Question: Today I happen to be celebrating the birthday of a family member, which got me wondering about how likely it is for two people in a room to have the same birthday.

Suppose people walk into a room, one at a time. Their birthdays happen to be randomly distributed throughout the $365$ days of the year (and no one was born on a leap day). The moment two people in the room have the same birthday, no more people enter the room and everyone inside celebrates by eating cake, regardless of whether that common birthday happens to be today.

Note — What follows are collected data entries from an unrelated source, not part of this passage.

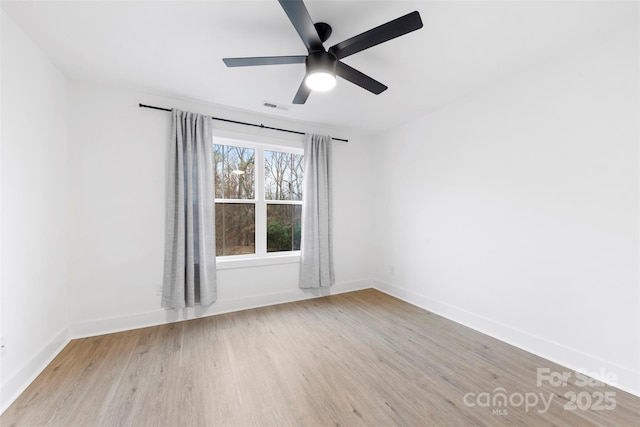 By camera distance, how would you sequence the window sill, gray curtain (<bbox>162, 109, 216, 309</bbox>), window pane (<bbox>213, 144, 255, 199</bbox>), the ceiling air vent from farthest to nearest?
window pane (<bbox>213, 144, 255, 199</bbox>), the window sill, the ceiling air vent, gray curtain (<bbox>162, 109, 216, 309</bbox>)

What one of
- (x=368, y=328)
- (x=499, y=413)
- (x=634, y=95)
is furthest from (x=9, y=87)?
(x=634, y=95)

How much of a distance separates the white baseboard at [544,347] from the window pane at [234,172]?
2801 mm

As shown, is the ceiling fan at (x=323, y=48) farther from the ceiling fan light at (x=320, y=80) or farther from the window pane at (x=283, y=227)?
the window pane at (x=283, y=227)

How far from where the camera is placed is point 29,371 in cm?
187

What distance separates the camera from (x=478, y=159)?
278 centimetres

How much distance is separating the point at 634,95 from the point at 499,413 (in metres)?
2.38

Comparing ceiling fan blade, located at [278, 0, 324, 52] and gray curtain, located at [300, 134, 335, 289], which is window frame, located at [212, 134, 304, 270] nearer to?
gray curtain, located at [300, 134, 335, 289]

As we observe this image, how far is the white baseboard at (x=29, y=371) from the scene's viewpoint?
5.41ft

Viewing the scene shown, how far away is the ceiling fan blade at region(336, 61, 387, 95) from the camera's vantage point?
1.83 meters

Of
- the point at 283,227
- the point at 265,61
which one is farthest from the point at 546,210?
the point at 283,227

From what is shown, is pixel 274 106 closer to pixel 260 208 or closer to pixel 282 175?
pixel 282 175

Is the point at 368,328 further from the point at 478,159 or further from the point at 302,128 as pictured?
the point at 302,128

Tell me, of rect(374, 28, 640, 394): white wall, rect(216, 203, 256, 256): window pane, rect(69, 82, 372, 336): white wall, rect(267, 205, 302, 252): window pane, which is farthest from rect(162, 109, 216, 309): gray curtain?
rect(374, 28, 640, 394): white wall

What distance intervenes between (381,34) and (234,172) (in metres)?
2.51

On average, what is the expected number of people in the room when they eat cake?

Extra credit: Suppose everyone eats cake the moment three people in the room have the same birthday. On average, what is this expected number of people?

(FiveThirtyEight)

Solution

I found three ways to solve this problem: by approximation, counting through recursion, and counting through combinatorics.

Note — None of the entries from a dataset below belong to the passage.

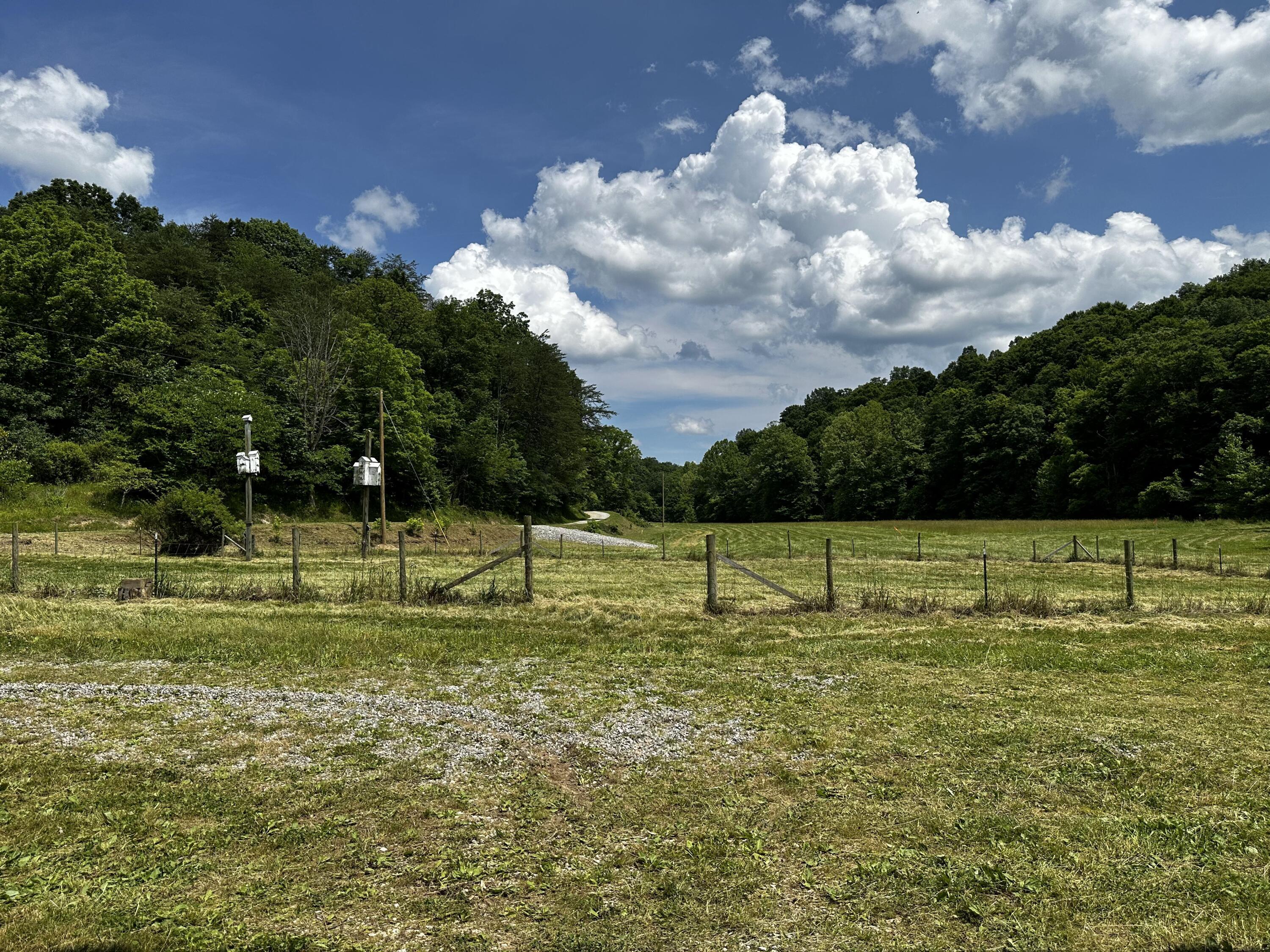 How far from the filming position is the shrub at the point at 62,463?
40156 millimetres

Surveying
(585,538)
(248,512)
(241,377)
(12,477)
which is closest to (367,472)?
(248,512)

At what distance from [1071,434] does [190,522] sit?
268 feet

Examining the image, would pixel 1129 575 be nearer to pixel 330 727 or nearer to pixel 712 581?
pixel 712 581

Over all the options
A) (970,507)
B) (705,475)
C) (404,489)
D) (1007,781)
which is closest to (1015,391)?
(970,507)

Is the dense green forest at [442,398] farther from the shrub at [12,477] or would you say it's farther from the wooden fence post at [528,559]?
the wooden fence post at [528,559]

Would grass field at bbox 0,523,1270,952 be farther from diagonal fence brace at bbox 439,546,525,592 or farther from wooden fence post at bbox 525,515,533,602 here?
wooden fence post at bbox 525,515,533,602

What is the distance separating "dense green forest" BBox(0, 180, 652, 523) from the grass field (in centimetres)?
3639

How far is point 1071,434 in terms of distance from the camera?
252 feet

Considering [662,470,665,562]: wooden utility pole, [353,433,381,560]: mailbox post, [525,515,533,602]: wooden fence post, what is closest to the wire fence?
[525,515,533,602]: wooden fence post

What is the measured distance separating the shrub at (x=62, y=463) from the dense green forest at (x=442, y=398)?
0.12m

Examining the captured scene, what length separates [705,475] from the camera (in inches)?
5551

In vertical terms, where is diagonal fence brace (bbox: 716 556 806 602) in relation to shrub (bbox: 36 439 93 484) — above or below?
below

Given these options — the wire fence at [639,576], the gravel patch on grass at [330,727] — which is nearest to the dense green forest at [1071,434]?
the wire fence at [639,576]

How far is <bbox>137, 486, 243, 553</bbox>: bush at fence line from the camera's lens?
107 feet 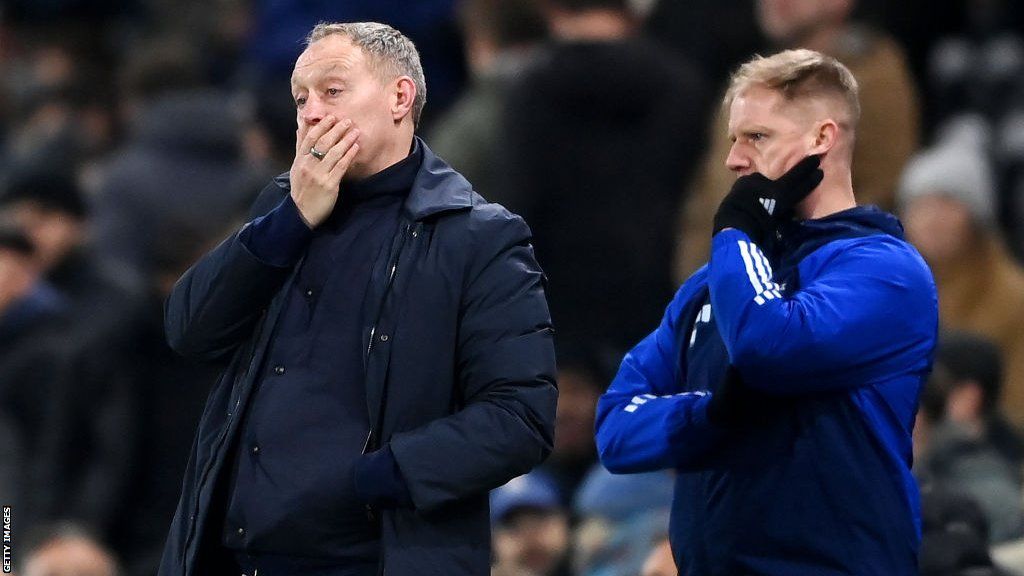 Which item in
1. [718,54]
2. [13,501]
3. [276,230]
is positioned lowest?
[13,501]

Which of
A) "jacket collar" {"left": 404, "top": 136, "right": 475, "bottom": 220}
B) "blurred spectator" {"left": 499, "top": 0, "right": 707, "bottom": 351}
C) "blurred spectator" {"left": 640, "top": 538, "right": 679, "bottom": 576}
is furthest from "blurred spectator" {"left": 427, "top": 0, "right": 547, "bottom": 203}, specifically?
"jacket collar" {"left": 404, "top": 136, "right": 475, "bottom": 220}

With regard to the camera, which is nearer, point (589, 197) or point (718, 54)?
point (589, 197)

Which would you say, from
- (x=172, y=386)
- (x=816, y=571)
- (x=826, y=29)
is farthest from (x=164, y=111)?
(x=816, y=571)

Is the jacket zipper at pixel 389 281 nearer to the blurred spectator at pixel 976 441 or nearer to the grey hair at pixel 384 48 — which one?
the grey hair at pixel 384 48

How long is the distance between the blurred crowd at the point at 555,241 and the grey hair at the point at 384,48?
2.23 meters

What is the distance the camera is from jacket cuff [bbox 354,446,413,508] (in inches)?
168

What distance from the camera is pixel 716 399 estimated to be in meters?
4.41

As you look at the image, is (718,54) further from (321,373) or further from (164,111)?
(321,373)

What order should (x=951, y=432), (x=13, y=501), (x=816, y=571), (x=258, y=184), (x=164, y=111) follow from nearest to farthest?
(x=816, y=571), (x=951, y=432), (x=13, y=501), (x=258, y=184), (x=164, y=111)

The first way is the most insightful and helps reveal what the exact solutions add to the picture, so we’ll start there.

Approximate argument

One way to treat the birthday twin case is to multiply the probability that the second person doesn’t collide with the first $(1-1/365),$ with the probability that the third person doesn’t collide with the first two $(1-2/365)$ and so on up to the $n^\text{th}$ person. The resulting expression is exact and at some point falls below $50\%$ giving us the answer to the classic birthday birthday collision problem.

Each term in the product $(1-j/365)$ is approximately equal to $e^{-j/365}$ and so we can add up all the exponents $\frac{1}{365}\left(1 + 2 + \ldots + n\right) = n(n+1)/2$ and we end up with $P(\text{no collisions in }n\text{ people}) \approx e^{-n^2/(2!\cdot 365)}.$ This is nice but, but the logic doesn’t easily extend to triplets and above.

A more audacious way to get the same result is to think about pairs. As long as no pair of people in the room share the same birthday, we keep adding new people. Among $n$ people there are $\binom{n}{2}$ possible pairs and the chance that any given pair has a collision is $\frac{1}{365},$ so the probability of no collisions among $n$ people is approximately

\[\left(1-\tfrac{1}{365}\right)^\tbinom{n}{2} \approx e^{-\tbinom{n}{2}/365} \approx e^{-n^2/(2!\cdot365)}\]

The probability of having a collision among $n$ (or fewer) people is then \(\text{cdf}(n) \approx 1 - e^{-n^2/(2!\cdot365)}.\)

The big idea here is that the low probability of getting a collision is up against the number of pairs. As soon as the number of pairs is on the order of the inverse probability, we should expect to see a collision.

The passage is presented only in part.